Oui, ce choix est important, primordial, vital. Pour vous, pour moi, où est le centre ? Si la question se pose, c’est parce que le serpent l’a posée sous une forme perverse, mais c’est fait, c’est fait depuis toujours, et il faut faire avec, il faut donc y répondre. Reculer, se cacher, c’est « se cacher de la face de l’Éternel Dieu au milieu de l’arbre du jardin », c’est se cacher au lieu-même du péché, à l’endroit où se révèle à la fois mon hybris et son inanité : ma nudité. Comme si je pouvais me cacher de Dieu ! « Il n’y a rien de caché qui ne doive être révélé » (Matth. 10 / 26). Se cacher de Dieu, c’est rester dans le péché et y être découvert, c’est choisir la mort, la déliquescence de toutes les relations vitales : la distorsion du couple qui est évoquée dans le texte le dit bien, où désir et domination remplacent amour et partenariat, où le « terrien » est renvoyé à la « terre ». Se confier en Dieu, en le reconnaissant comme centre, c’est recevoir de lui le pardon, la paix, la vie, au grand jour. Ça ne nous est pas possible par nous-mêmes, c’est un don de Dieu. En Christ, nous sommes sortis de la condition humaine ordinaire, nous possédons ce qu’aucun être humain ne peut gagner : nous sommes enfants de Dieu.

 

Le diable se dévoile devant Jésus au désert : « Je te donnerai tout cela, si… » L’Évangile dit le contraire. L’Évangile dit le cadeau inconditionnel de Dieu à ceux qui font confiance à sa parole, à ceux qui reçoivent ce cadeau de la vie en Christ pour s’en servir et pour en témoigner afin que d’autres le reçoivent eux aussi.
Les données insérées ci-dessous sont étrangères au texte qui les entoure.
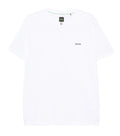 White Crew Neck T-Shirt 1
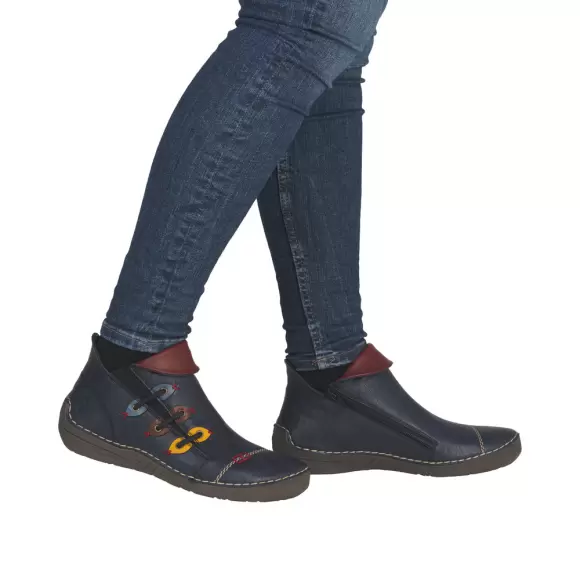 Dame Støvler - RIEKER - RIEKER 72581-14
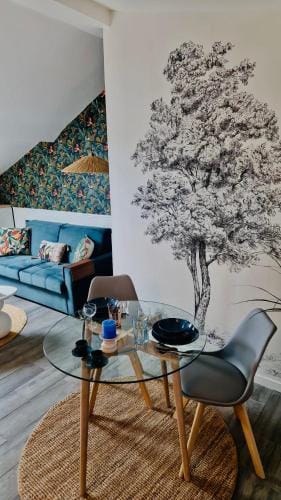 Studio Paris pantin Hotel in Pantin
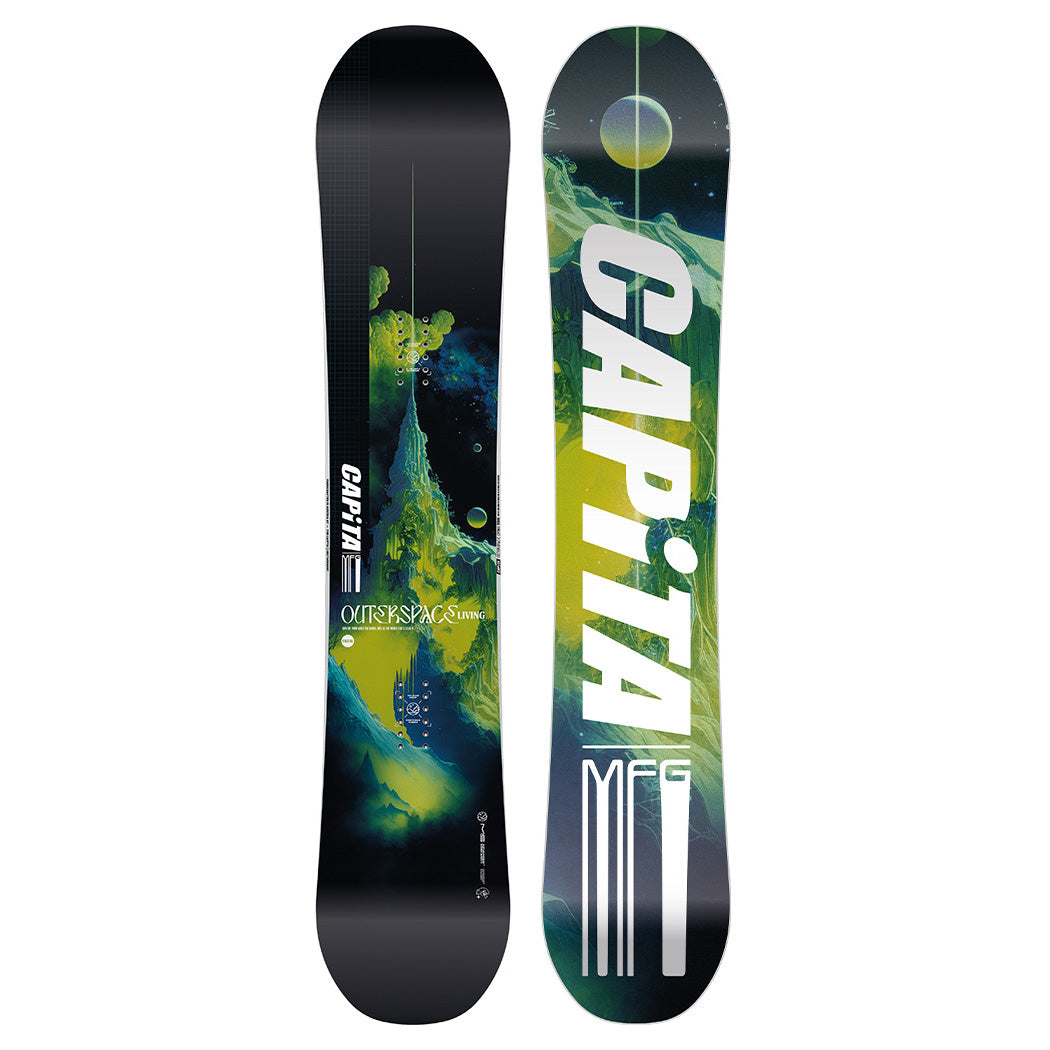 Capita Men's Outerspace Living Wide Snowboard 2025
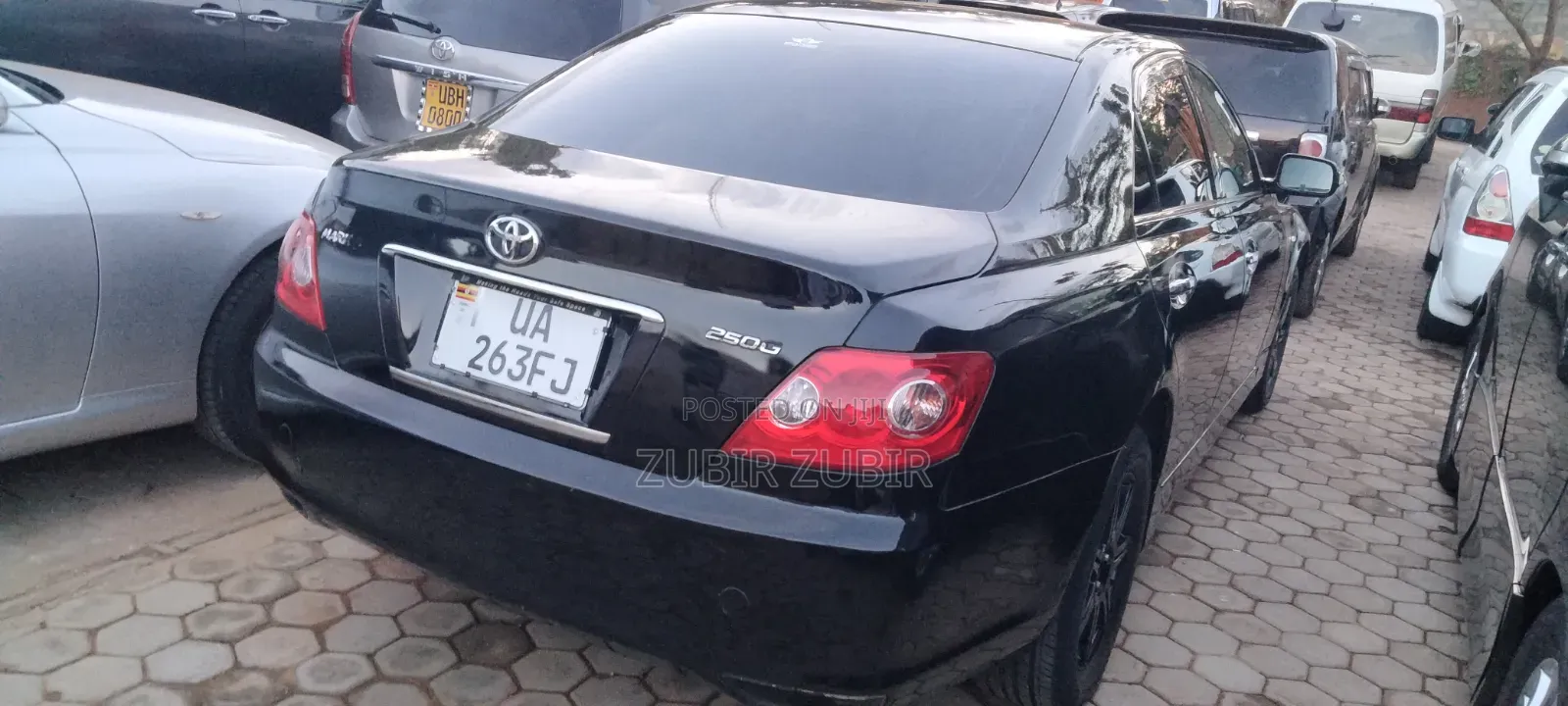 Toyota Mark X 2008 Black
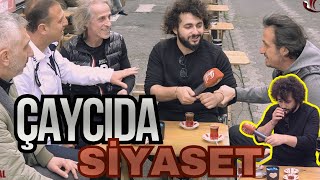 Çaycıda Si̇yaset Konuştuk Siyasetin Merkezi Sokak Röportajı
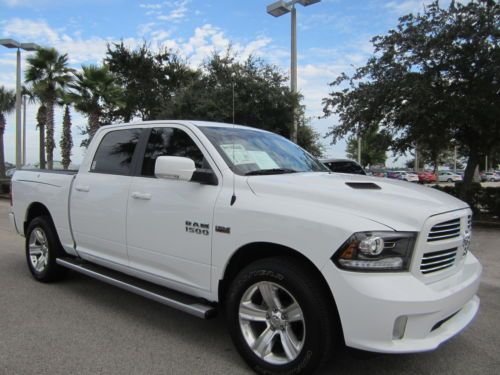 Certfied CrewCab Sport Hemi V8 Navigation RamBox Backup Camera, image 8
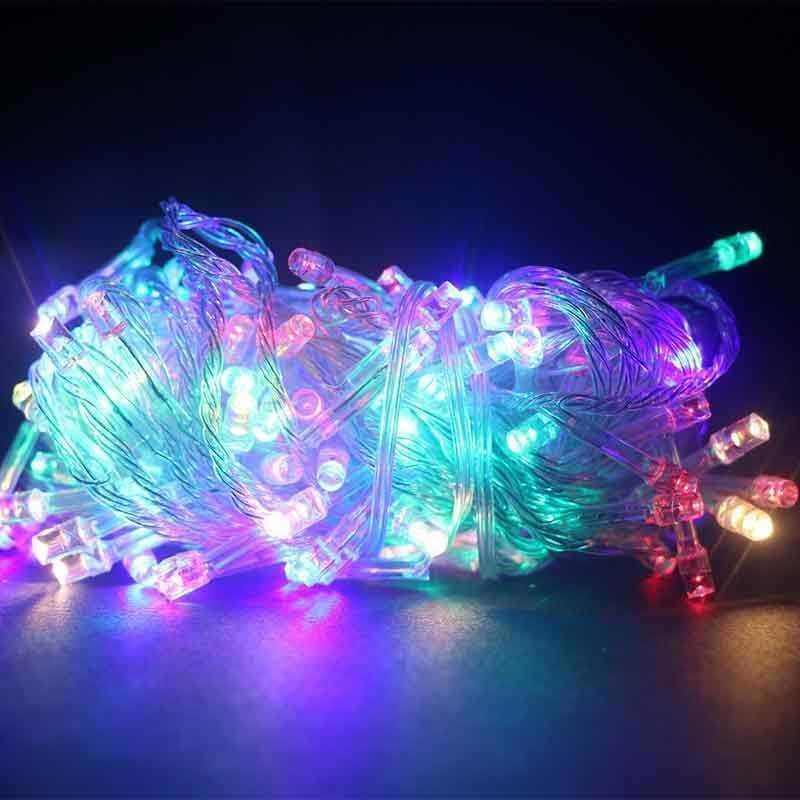 Гирлянда RD-7148 500 Led 35 м Разноцветный (1290268135)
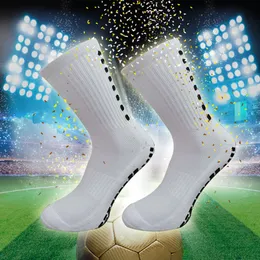 Herrstrumpor Kvinnor Män fotboll Anti Slip Sport Sock Bowable Cotton Gift For Love Top Quality Multicolor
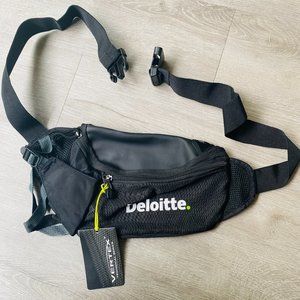 Vertex Revive Waist Back Men & Women Unisex Promotional Products Black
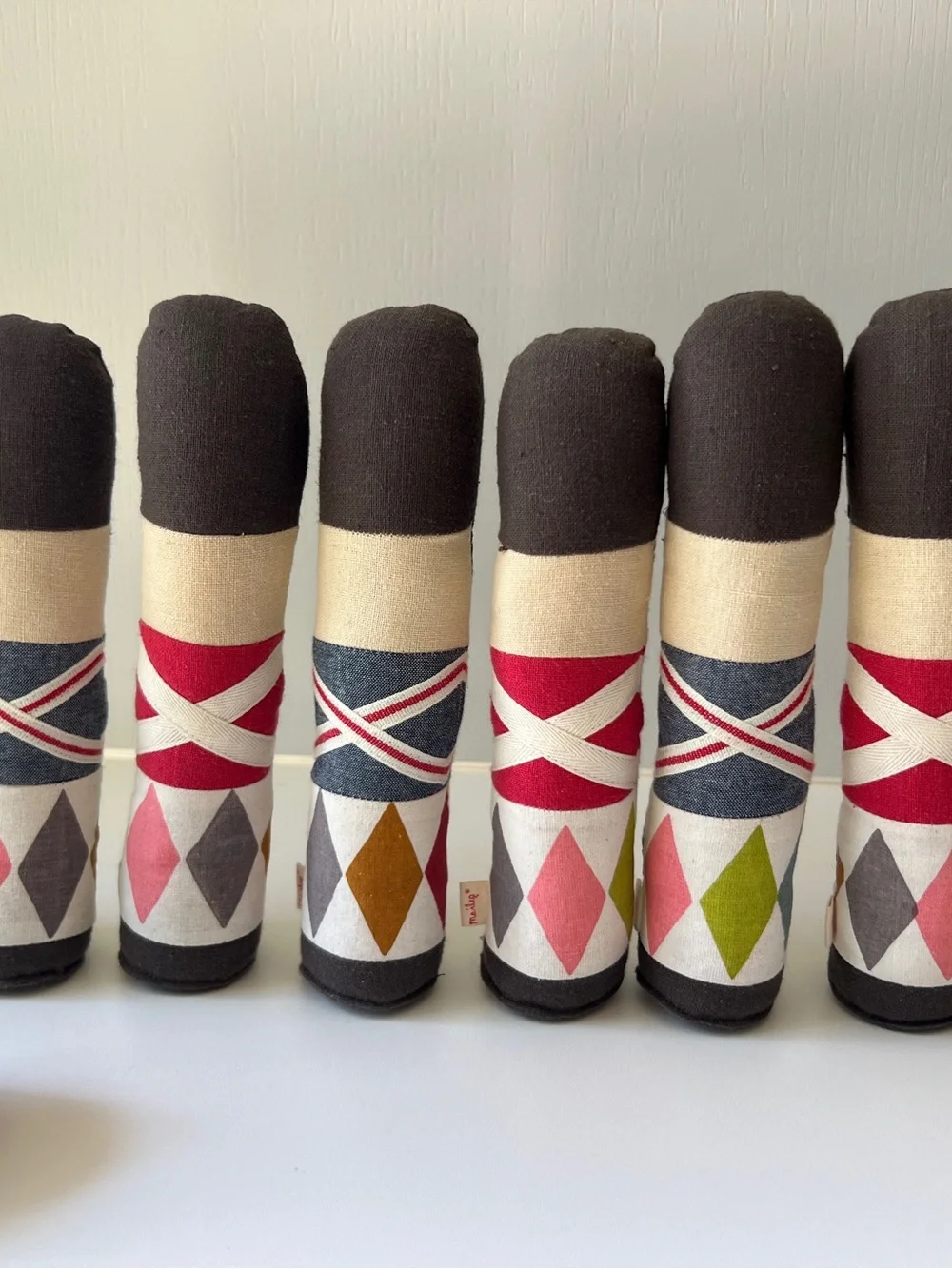 RARE - Maileg Soldier Skittles Bowling Set from Denmark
Le Christ, en quelque sorte, nous fait vivre le jardin au milieu d’un monde qui n’y ressemble guère et qui en a oublié jusqu’à l’image. Il n’est pas encore manifesté à tous, « l’arbre de vie, qui produit douze récoltes et donne son fruit chaque mois, [et dont] les feuilles servent à la guérison des nations. » (Apoc. 22 / 2) Mais nous, nous y avons déjà goûté, pain et vin, vie offerte et alliance éternelle. N’écoutons donc plus le serpent, ne le laissons plus nous enlever le don de Dieu, ne le laissons plus nous cacher le Christ. Car « nous sommes plus que vainqueurs par celui qui nous a aimés », comme Paul l’a écrit (Rom. 8 / 37). Il s’agit juste de vivre de cette victoire, de vivre en vainqueurs et non en esclaves. Le chemin est devant nous, offert. Amen.